(Data extract)

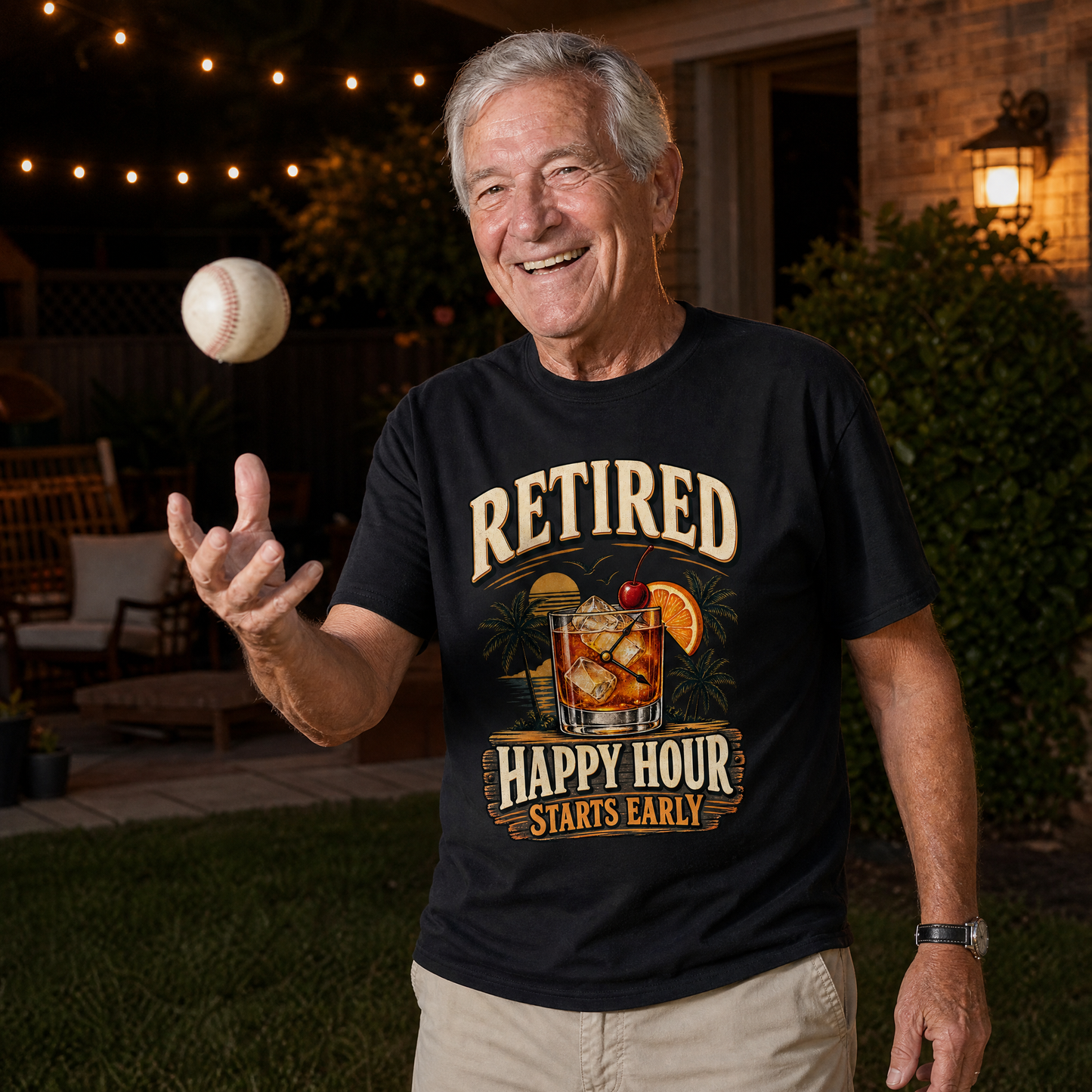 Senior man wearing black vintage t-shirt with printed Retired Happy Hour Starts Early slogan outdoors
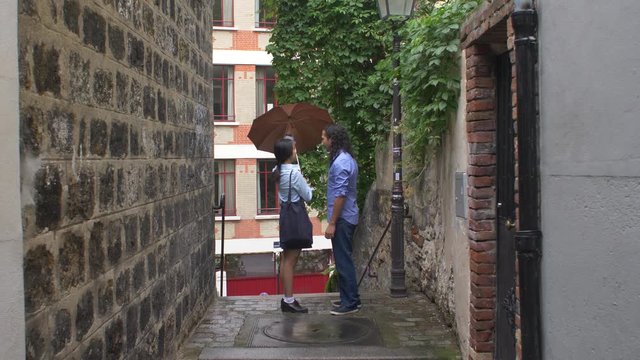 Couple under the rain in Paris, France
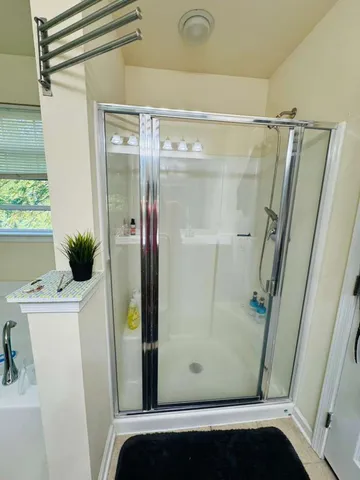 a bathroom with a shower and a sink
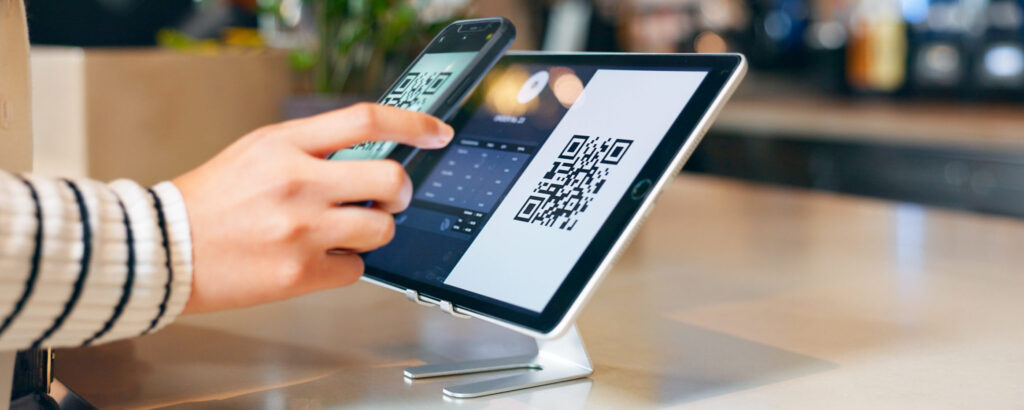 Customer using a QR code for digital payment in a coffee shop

(Required action)
Write out the lines of the material from the one containing "a bathroom with a shower and a sink" through the last, exactly and only those. Leave every picture out.

(Output for this exercise)
 a bathroom with a shower and a sink
 Customer using a QR code for digital payment in a coffee shop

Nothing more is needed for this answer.